Following a 2007 auction in Norfolk, England, author Keith Tutt—a longtime fan of French painter Édouard Vuillard— snapped up an unconfirmed circular painting from the owner of the unsold work. (The reserve price was originally £11,000.)

Nine years later, the painting is being offered at Sotheby’s Impressionist and modern day sale as a bona fide Vuillard work titled Femmes dans un restaurant (1918), which now holds an estimate of $356,000 to $500,000 (£250,000 to £350,000). The sale will take place February 4 in London.

After acquiring the work, Tutt carried out his own research before eventually contacting the directors of the BBC show Fake or Fortune. Bendor Grosvenor, part of the Fake or Fortune team, flagged the upcoming sale in a blog post.

According to Sotheby’s catalogue entry, the TV team, led by Fiona Bruce and Philip Mould “invoked the power of scientific analysis alongside the help of respected Vuillard experts” to create a solid case for the attribution.

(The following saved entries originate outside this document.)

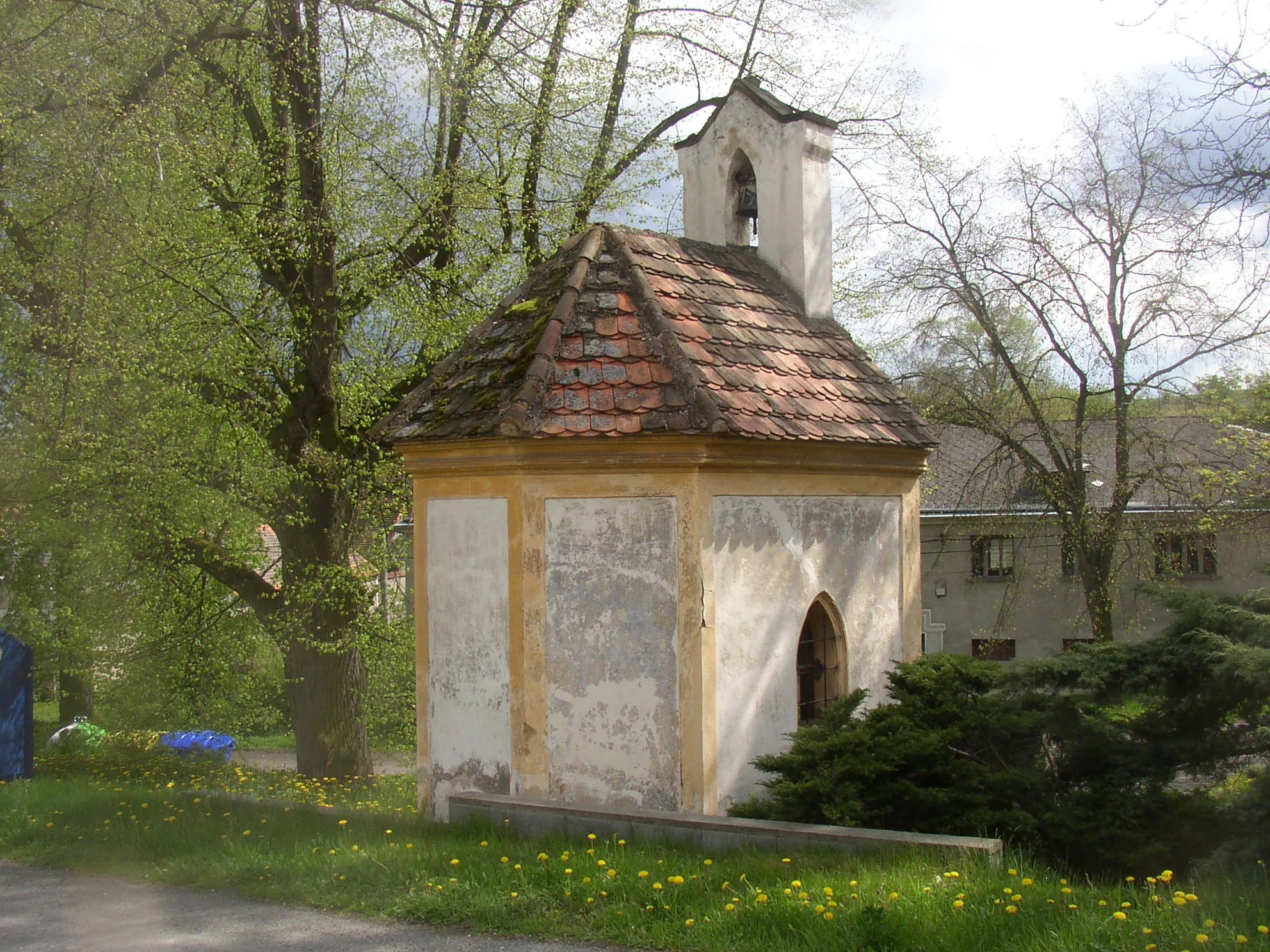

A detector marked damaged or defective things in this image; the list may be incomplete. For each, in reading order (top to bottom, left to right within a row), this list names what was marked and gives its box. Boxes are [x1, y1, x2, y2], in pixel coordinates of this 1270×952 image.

peeling plaster [429, 500, 513, 822]
peeling plaster [549, 500, 686, 812]
peeling plaster [716, 495, 904, 807]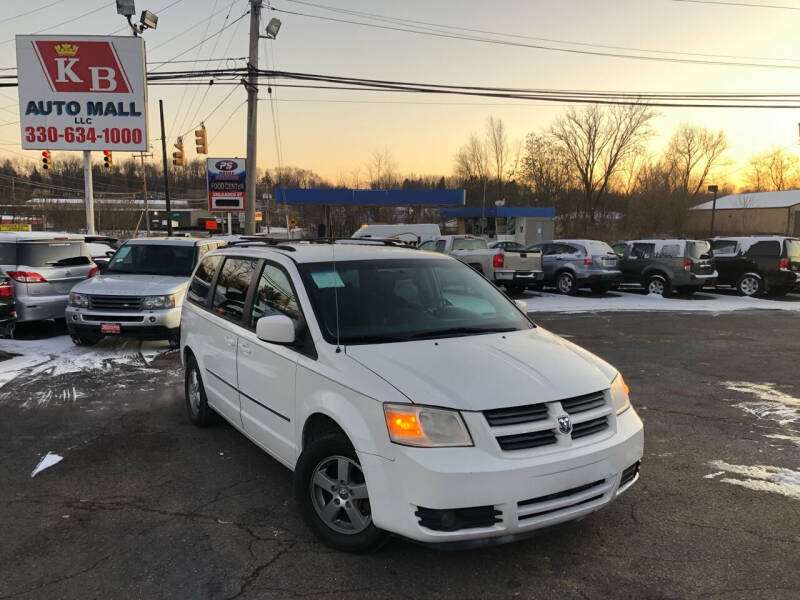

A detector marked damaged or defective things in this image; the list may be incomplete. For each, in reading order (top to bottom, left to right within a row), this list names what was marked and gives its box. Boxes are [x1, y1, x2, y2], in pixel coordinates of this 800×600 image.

cracked pavement [1, 312, 800, 596]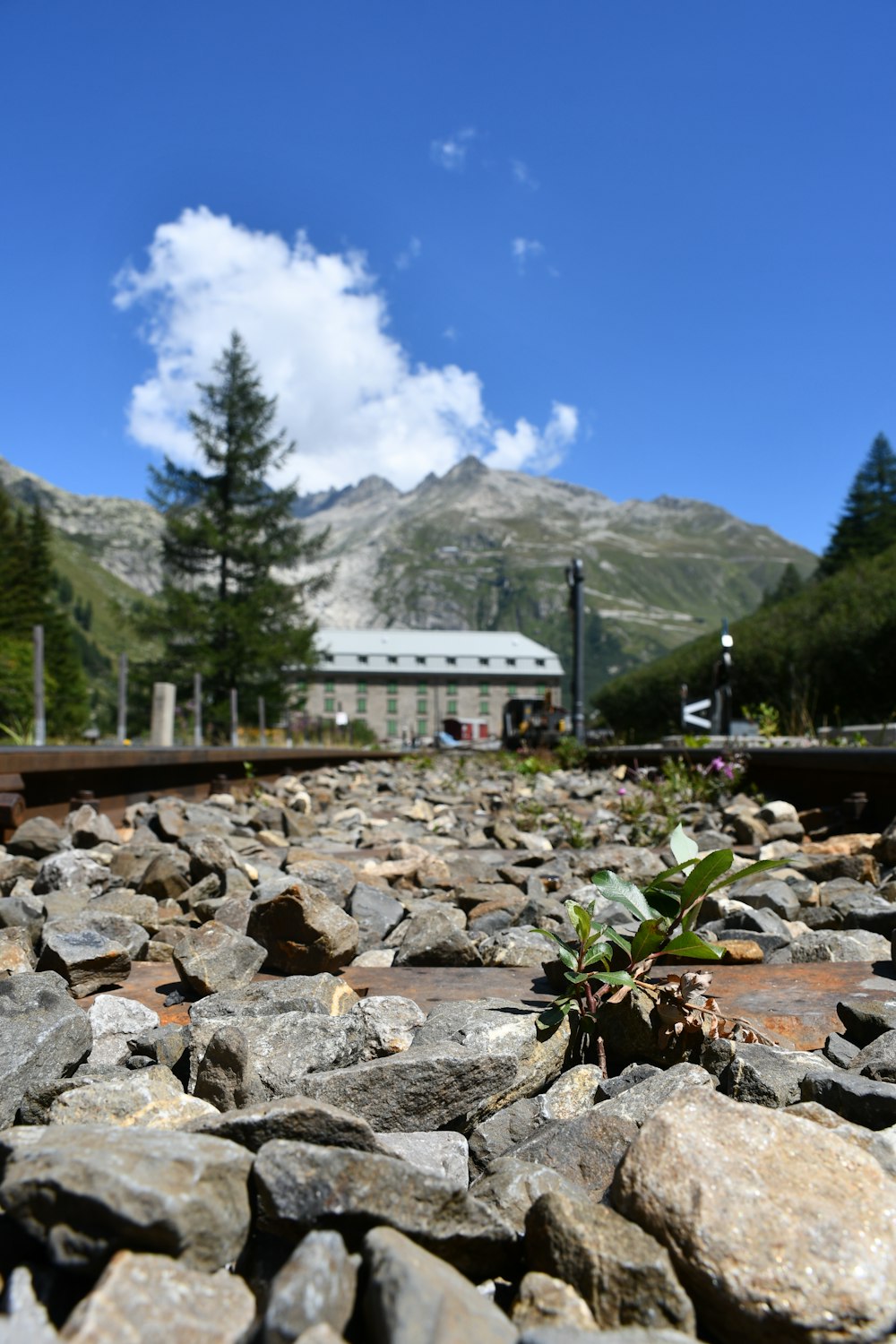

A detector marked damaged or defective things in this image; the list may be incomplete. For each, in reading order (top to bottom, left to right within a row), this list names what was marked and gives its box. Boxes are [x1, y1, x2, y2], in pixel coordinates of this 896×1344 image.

rusty metal plate [74, 957, 896, 1048]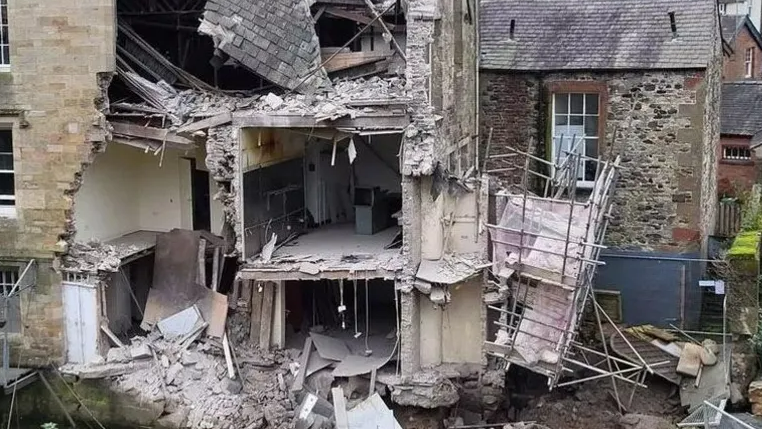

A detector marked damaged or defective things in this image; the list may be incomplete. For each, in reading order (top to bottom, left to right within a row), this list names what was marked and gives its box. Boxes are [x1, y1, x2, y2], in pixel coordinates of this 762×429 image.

damaged roof [202, 0, 330, 92]
damaged roof [480, 0, 720, 71]
damaged roof [720, 82, 762, 135]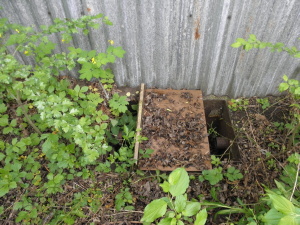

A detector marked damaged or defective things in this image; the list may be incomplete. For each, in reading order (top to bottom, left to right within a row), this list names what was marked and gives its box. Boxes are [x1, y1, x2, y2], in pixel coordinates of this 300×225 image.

rusty metal fence panel [0, 0, 300, 97]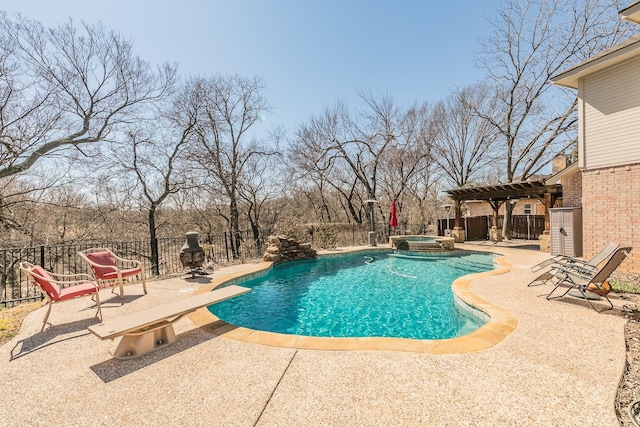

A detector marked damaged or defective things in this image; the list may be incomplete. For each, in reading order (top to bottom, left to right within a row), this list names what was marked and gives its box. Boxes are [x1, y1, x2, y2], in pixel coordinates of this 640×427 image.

patio pavement crack [252, 350, 298, 426]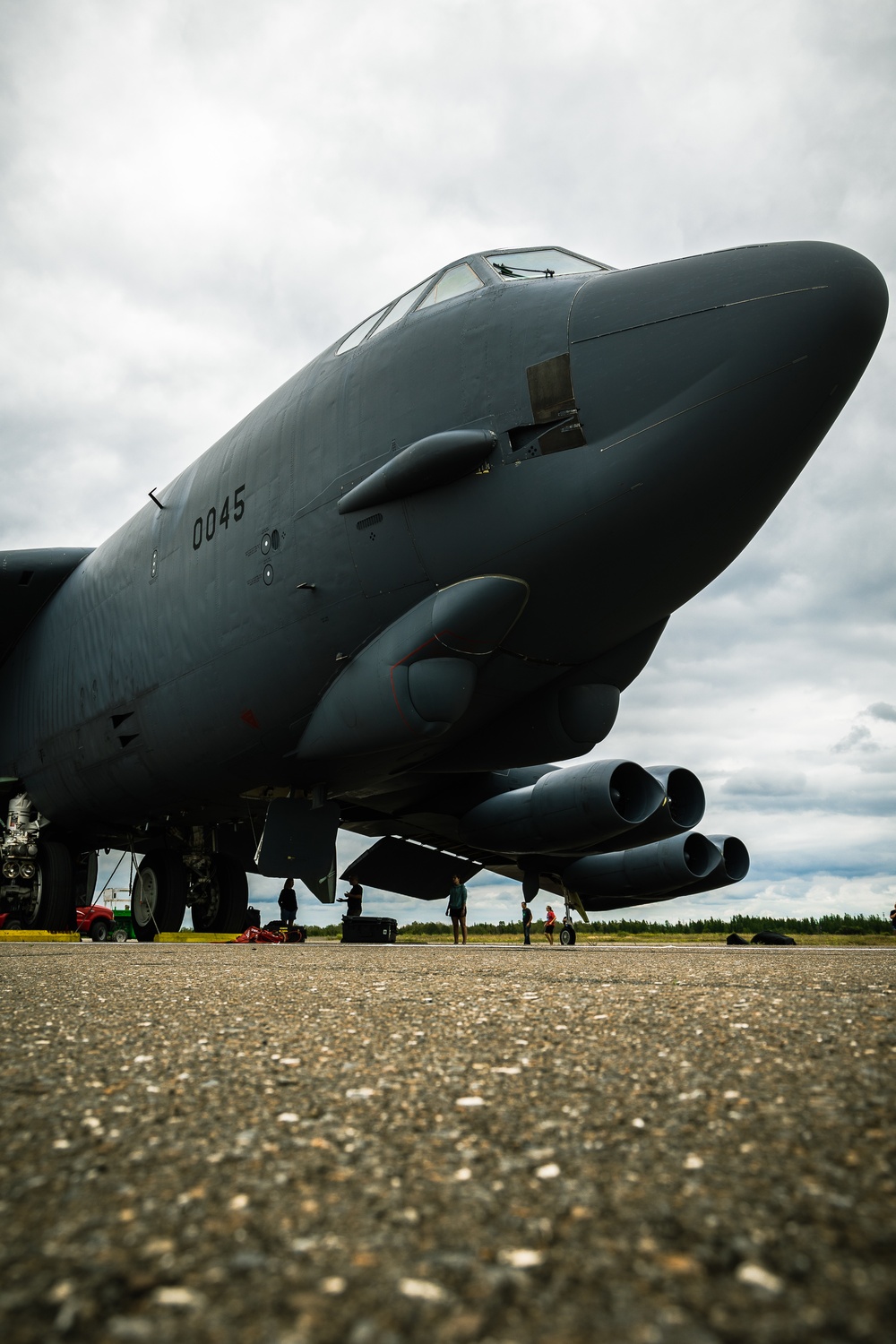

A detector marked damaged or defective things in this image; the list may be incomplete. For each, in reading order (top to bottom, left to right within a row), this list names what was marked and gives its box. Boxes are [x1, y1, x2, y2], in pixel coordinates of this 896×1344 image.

cracked pavement surface [0, 941, 892, 1339]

Further research allowed the team to trace the provenance of the painting back to its origins. The painting was created in 1918 as a partner to the artist’s famous canvas Le Grand Teddy, which was commissioned for the eponymous Parisian cafe that same year. Now, the work will be included in the supplement to the Vuillard critical catalogue by the Wildenstein Institute.

While the large version of Le Grand Teddy shows the interior of the cafe in its heydey, complete with glamorous patrons, Femmes dans un restaurant is “an altogether more intimate and carefully composed scene,” according to Sotheby’s catalogue.


A viewer looks at the Vuillard painting on display.
Image: Courtesy of Sotheby’s.

After the restaurant closed, in 1922, the painting passed to Jos Hessel, Vuillard’s longtime friend and dealer. It was later owned by theater manager Charles B. Cochran, and then by artist Doris Sinkeisen, before being acquired by art dealer Robert Warren and offered at the Norfolk auction house, where Tutt acquired it.

Another recent example of a hunch that turned out to be quite profitable was the savvy buyer who spotted a bucolic landscape painting at Christie’s that he snapped up for about $5,000. After careful cleaning and research, it was confirmed to be the work of British painter John Constable, and was then resold at Sotheby’s for a hefty $5 million.